Naruto tetap diam sepanjang proses itu. Tatapan mereka tidak pernah bertemu. Poni panjang Uchiha menutupi matanya. Lengannya melipat di depan dada, pakaiannya rapi. Namun yang paling mengejutkan mereka adalah tasnya, tas itu tidak berisi peralatan ninja kebanyakan seperti kunai yang berdarah (seperti yang mereka kira) atau shuriken, namun perahu- perahu kertas.

.

.

"Sasuke-kun!"

Sasuke berhenti untuk berpikir apakah dia akan berbalik untuk menatapnya atau pura- pura tuli dan melanjutkan langkahnya. Namun dia tidak diberi kesempatan untuk memikirkannya karena Sakura sudah berdiri di hadapannya sekarang.

Dengan susah payah, dia mendaratkan matanya pada Sakura. "Sakura."

"Sasuke-kun… kau kembali."

Dia mengangkat bahu.

"Akhirnya."

Sasuke memanfaatkan beberapa detik untuk mengamati penampilan gadis itu. Lebih cantik. Sepasang mata hijau tegas dengan bulu mata panjang. Rambut merah muda tebal diikat longgar dengan poni tidak beraturan membingkai wajahnya. Gadis yang sangat, sangat cantik.

Setelah beberapa saat, dia menatap melewati Sakura, tidak melihat raut terluka di wajah jelita itu. Keheningan melingkupi mereka sampai Sasuke memecahkannya.

"Apa yang kau mau?" dia menjaga agar nadanya netral. Datar dan formal. Tidak ramah namun sopan.

"Aku…" dia menggigit bibir dan menyumpah dalam hari, memohon agar diberikan kekuatan. Sakura merasakan Sasuke semakin tidak sabar. "Ini."

Sasuke merengut melihat penawaran Sakura. Satu kotak penuh dengan perahu kertas berbagai warna. Dia mengangkat sebelah alis, meminta penjelasan.

"Saat aku ada kesempatan… aku melipat perahu kertas untuk membunuh waktu." jelasnya pelan, menunduk untuk menghindari tatapannya. Saat Sasuke tidak jua berbicara, Sakura mendorong kotak itu pada lengannya.

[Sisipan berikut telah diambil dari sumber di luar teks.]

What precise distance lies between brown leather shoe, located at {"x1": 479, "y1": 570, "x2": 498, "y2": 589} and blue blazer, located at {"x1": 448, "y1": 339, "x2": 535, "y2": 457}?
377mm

Karena dorongan yang kuat, dia terpaksa menahan kotak di lengannya. Wajahnya kosong saat dia menatap isi kotak itu. Kemudian, tatapannya mengayun untuk menatap wajah Sakura.

Dia tergagap, "Um, kalau kau tidak menyukainya… kau bisa membuangnya atau—"

"Terimakasih."

Sakura berhenti tergagap. Ekspresinya terkejut. Matanya bercahaya senang.

"Sama- sama."

.

.

Saat dia pulang (ke sebuah apartemen, Kediaman Uchiha terlalu besar untuknya) dia menahan diri untuk tidak menghitungnya.

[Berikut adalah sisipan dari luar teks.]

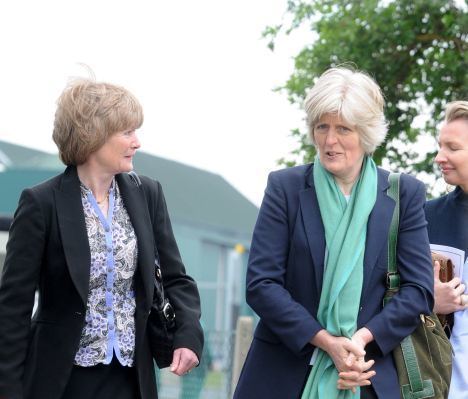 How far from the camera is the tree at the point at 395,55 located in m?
10.2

Namun dia tetap menghitungnya.

386.

Ditambah 176.

562.

.

.

Dia delapan belas tahun saat Sakura memberikan perahu kertas ke-698.

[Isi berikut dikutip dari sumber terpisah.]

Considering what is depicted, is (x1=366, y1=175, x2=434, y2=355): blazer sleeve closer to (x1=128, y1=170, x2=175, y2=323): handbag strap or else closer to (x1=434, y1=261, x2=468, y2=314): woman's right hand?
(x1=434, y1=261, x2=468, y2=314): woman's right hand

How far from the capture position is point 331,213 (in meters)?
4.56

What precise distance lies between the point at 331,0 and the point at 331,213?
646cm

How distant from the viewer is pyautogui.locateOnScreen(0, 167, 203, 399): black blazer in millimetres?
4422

Tidak ada yang berubah di antara keduanya. Dia masih seorang pemuda yang dingin. Dia masih gadis cherry. Kebalikan. Mereka bilang kebalikan itu menarik satu sama lain. Namun mereka selalu menjadi pengecualian.

Tahun itu, Sakura berkencan dengan Naruto.

Kali ini, orang mengatakan: keduanya adalah pasangan yang sudah dituliskan dari Surga.

Orang yang sama. Perasaan yang sama. Rukodaime masa depan. Ninja medis terbaik masa depan.

Sasuke ingat dia marah besar.

"Kenapa kau terus memberikan aku perahu kertas bodoh itu?" dia berteriak.

Sakura terdiam. Padahal gadis itu menganggap bahwa mereka berteman. Teman tidak meneriaki temannya seperti itu. Tapi tentu saja selalu ada pengecualian.

"Lupakan saja," katanya setelah itu, "aku tidak bermaksud untuk berteriak. Aku sedang marah karena suatu hal."

"Tidak masalah… aku menyebalkan, ingat?"

Dia mengangguk singkat dan dari sudut matanya dia melihat bayangan warna pirang dan hitam. "Sana pergi, dia menunggumu."

Sakura menoleh ke kiri dan melihat Naruto. Dia tersenyum dan memberi kode agar menunggunya sebentar lagi.

"Sasuke-kun."

Dia tidak menatap Sakura.

"…apakah kau…oh, lupakan saja. Ja!" dengan cepat dia berbalik dan berlari menuju Naruto.

.

.

Sakura memberikan yang ke-887 saat mereka berumur Sembilan belas. Saat itu bulan November. Jadi Sakura tidak berhenti memberikan perahu kertas walaupun sudah bertunangan dengan Naruto.

Dia bertanya kenapa.

"Sasuke-kun…" dia mengedikan bahu dan menggigit bibir, "apa kau menyimpannya?"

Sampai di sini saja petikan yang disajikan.